(Records to use begins)

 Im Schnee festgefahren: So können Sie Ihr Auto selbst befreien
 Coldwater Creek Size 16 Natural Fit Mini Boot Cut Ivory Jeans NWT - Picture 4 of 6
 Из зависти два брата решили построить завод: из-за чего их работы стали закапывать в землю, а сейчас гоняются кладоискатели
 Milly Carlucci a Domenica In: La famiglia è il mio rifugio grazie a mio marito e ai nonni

(Records to use ends)
(Records to use begins)

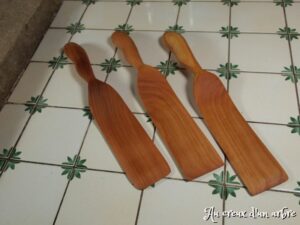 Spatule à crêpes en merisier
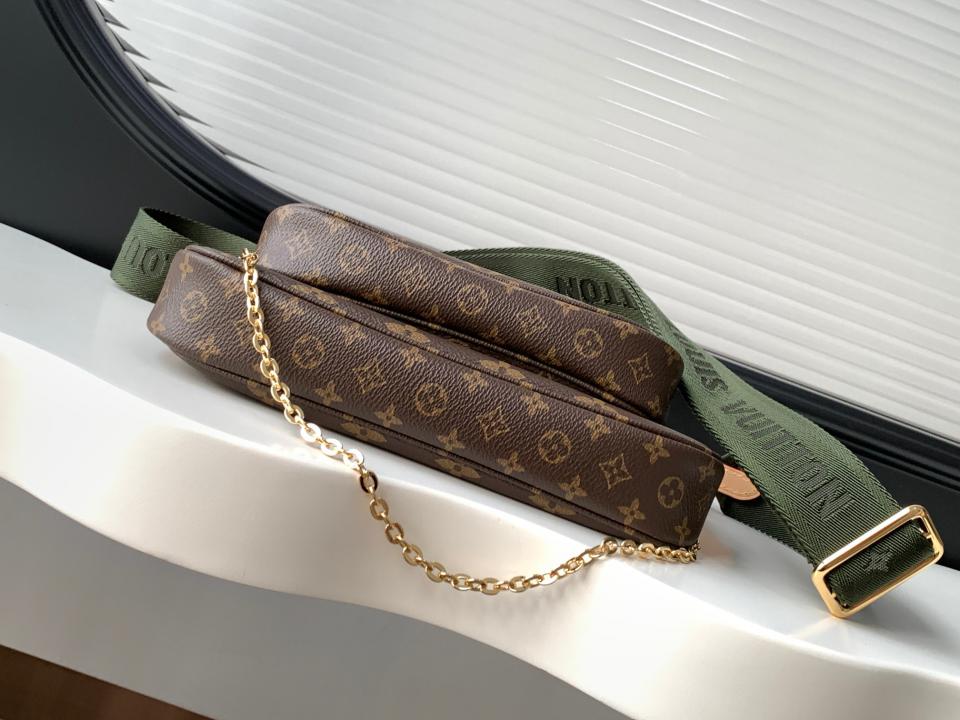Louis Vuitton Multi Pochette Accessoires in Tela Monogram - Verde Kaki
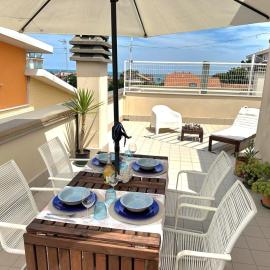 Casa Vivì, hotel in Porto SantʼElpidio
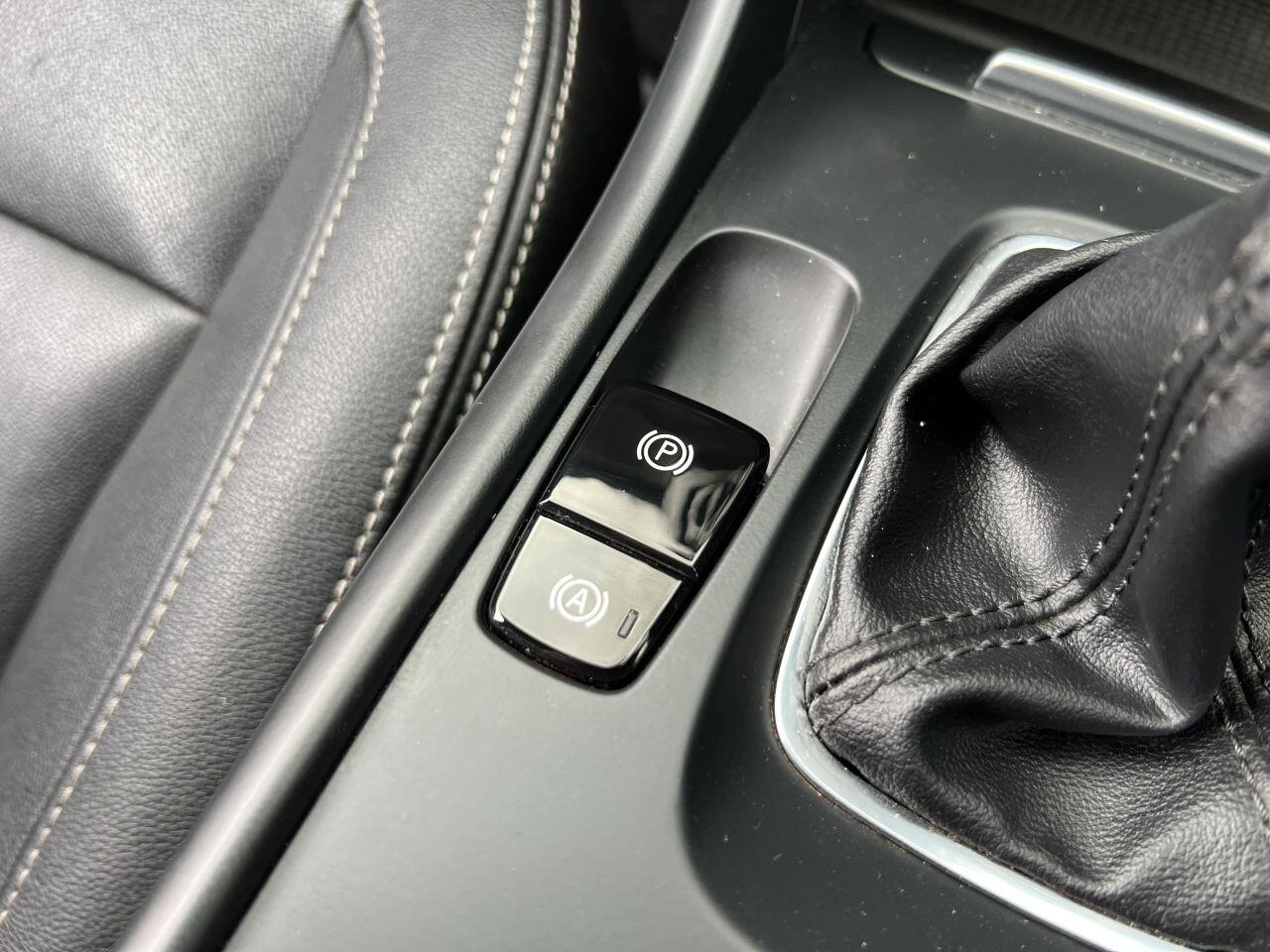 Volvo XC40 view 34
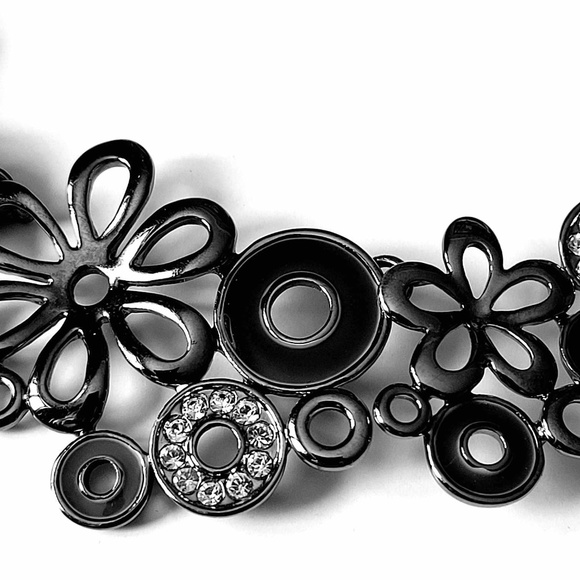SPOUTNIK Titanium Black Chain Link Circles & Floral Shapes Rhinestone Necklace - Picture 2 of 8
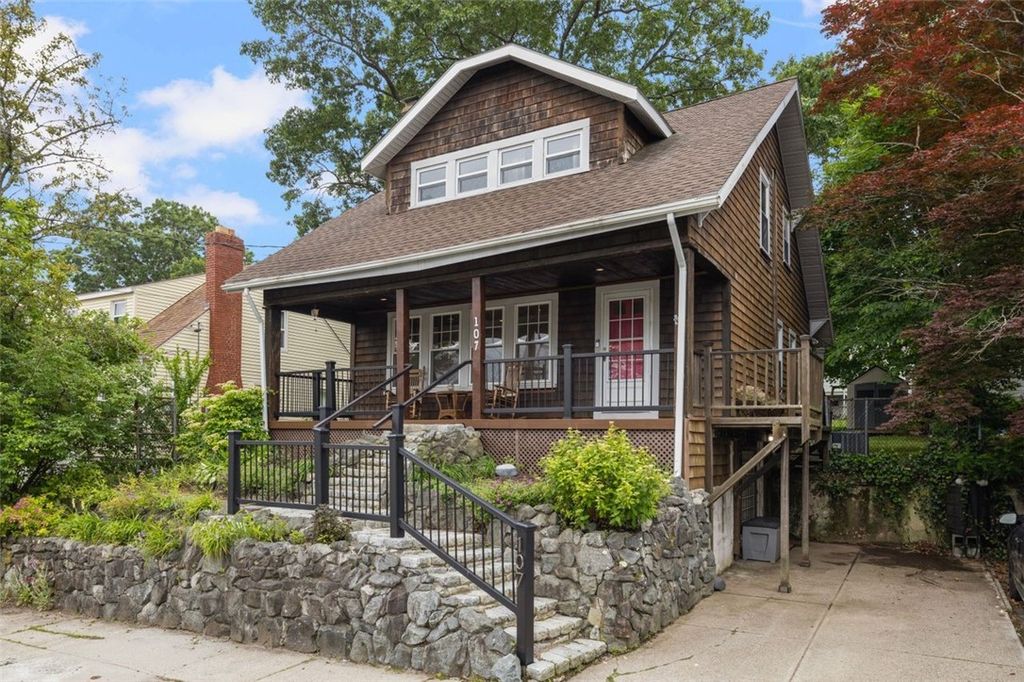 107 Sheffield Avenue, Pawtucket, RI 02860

(Records to use ends)

| What you need to do |
Of all the entries above, output exactly the lines between the one holding "Im Schnee festgefahren: So" and the one holding "Milly Carlucci a", inclusive.

| Task answer |
 Im Schnee festgefahren: So können Sie Ihr Auto selbst befreien
 Coldwater Creek Size 16 Natural Fit Mini Boot Cut Ivory Jeans NWT - Picture 4 of 6
 Из зависти два брата решили построить завод: из-за чего их работы стали закапывать в землю, а сейчас гоняются кладоискатели
 Milly Carlucci a Domenica In: La famiglia è il mio rifugio grazie a mio marito e ai nonni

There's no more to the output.